Work instructions - Your answer should repeat exactly the lines from the one holding "anemone elite pure white 2 compress" through the end of the data, and it should contain no pictures.

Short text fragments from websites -

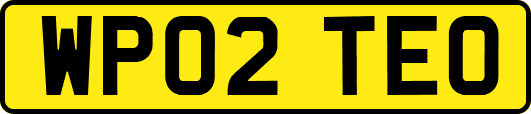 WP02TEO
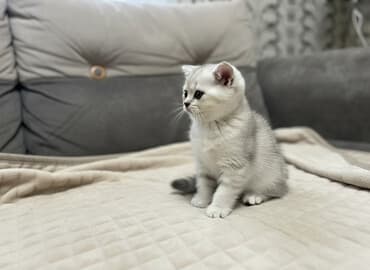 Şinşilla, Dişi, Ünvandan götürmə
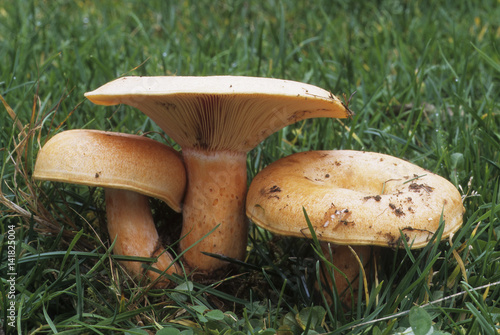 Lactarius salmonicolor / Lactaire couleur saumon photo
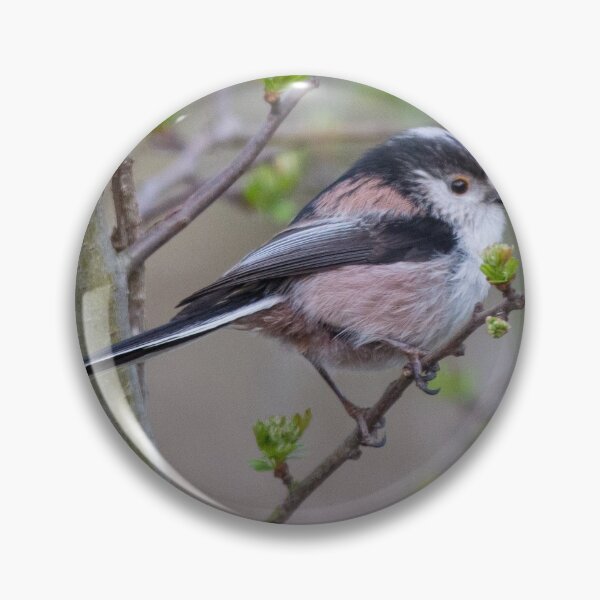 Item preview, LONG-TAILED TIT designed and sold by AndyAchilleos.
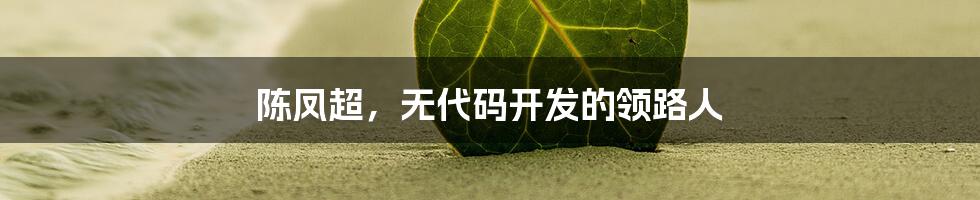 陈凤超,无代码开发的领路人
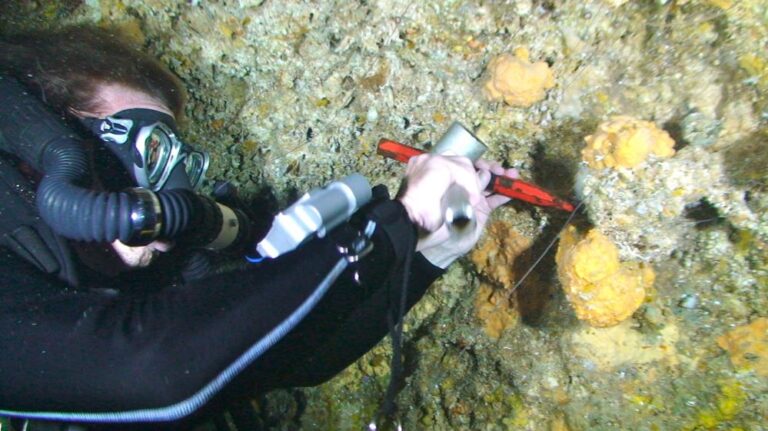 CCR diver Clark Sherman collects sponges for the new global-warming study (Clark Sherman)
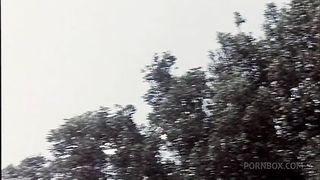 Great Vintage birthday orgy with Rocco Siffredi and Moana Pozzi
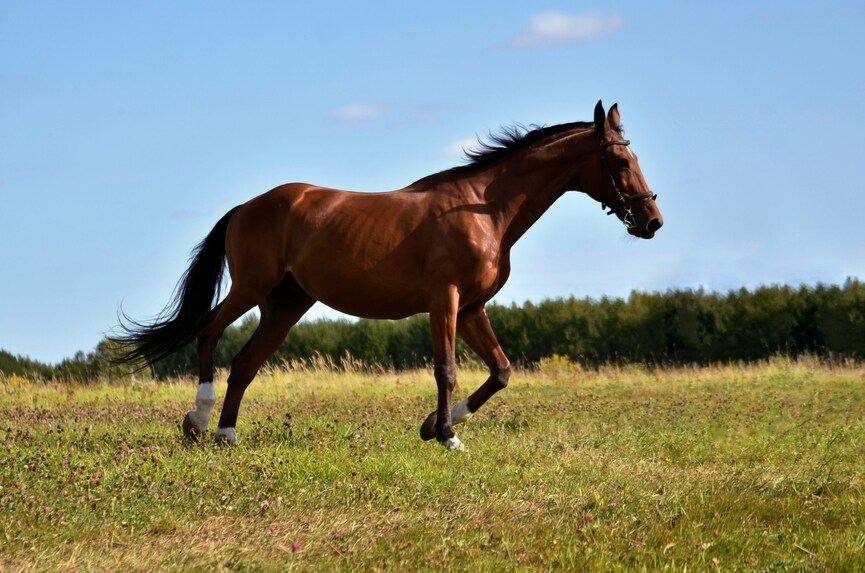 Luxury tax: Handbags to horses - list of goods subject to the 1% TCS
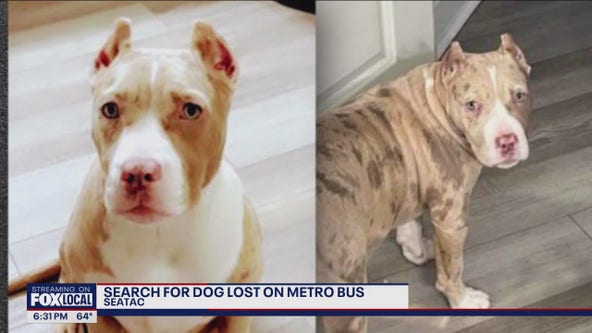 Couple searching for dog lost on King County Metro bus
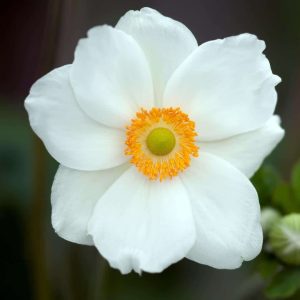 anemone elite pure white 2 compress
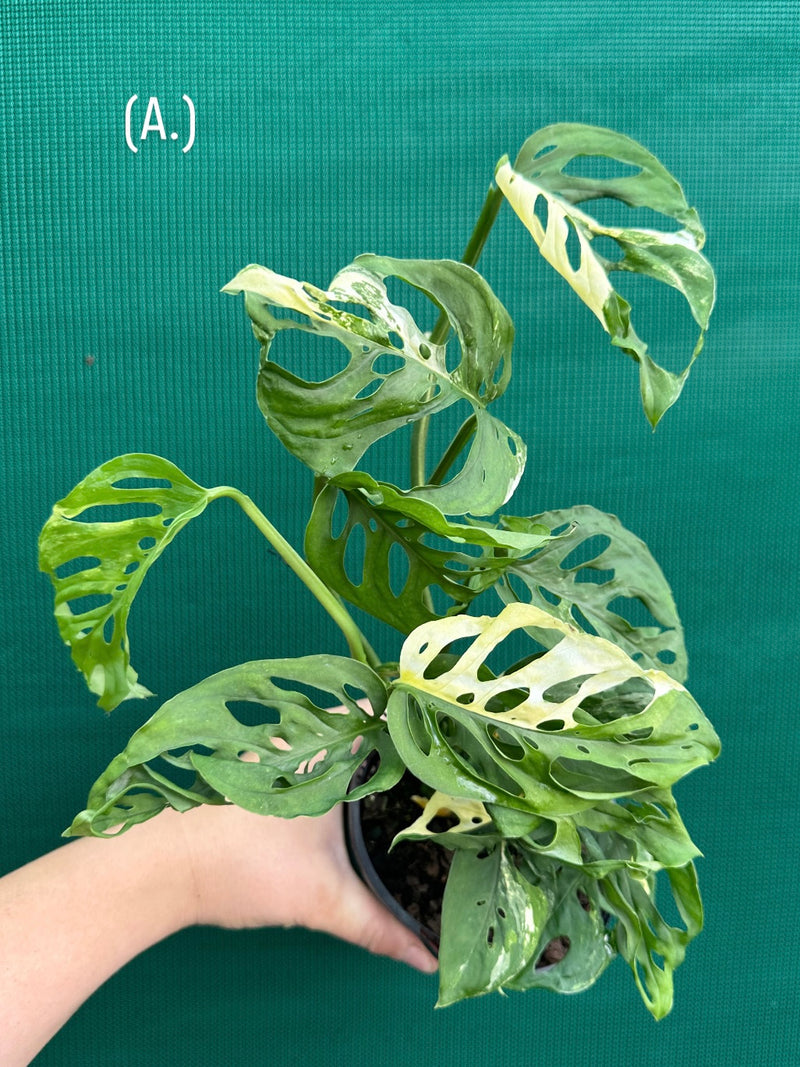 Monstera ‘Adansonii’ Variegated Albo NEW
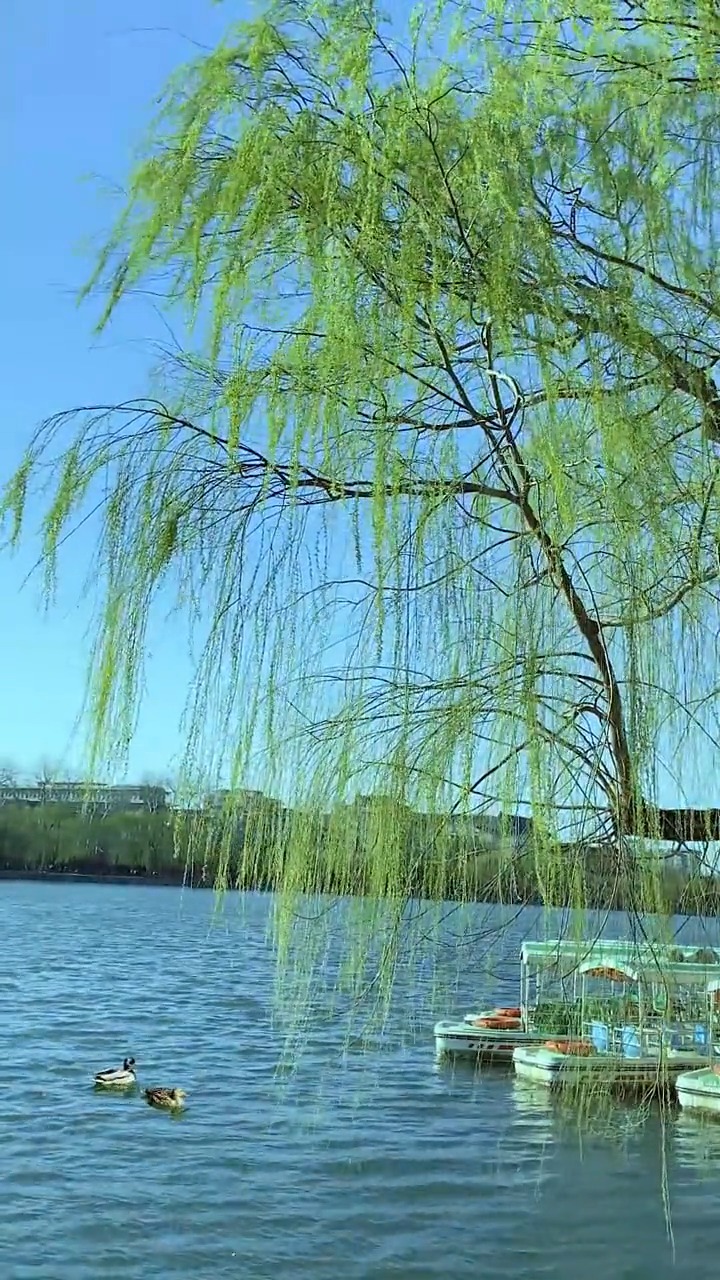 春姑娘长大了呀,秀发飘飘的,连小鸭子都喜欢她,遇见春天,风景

Result of this exercise -
 anemone elite pure white 2 compress
 Monstera ‘Adansonii’ Variegated Albo NEW
 春姑娘长大了呀,秀发飘飘的,连小鸭子都喜欢她,遇见春天,风景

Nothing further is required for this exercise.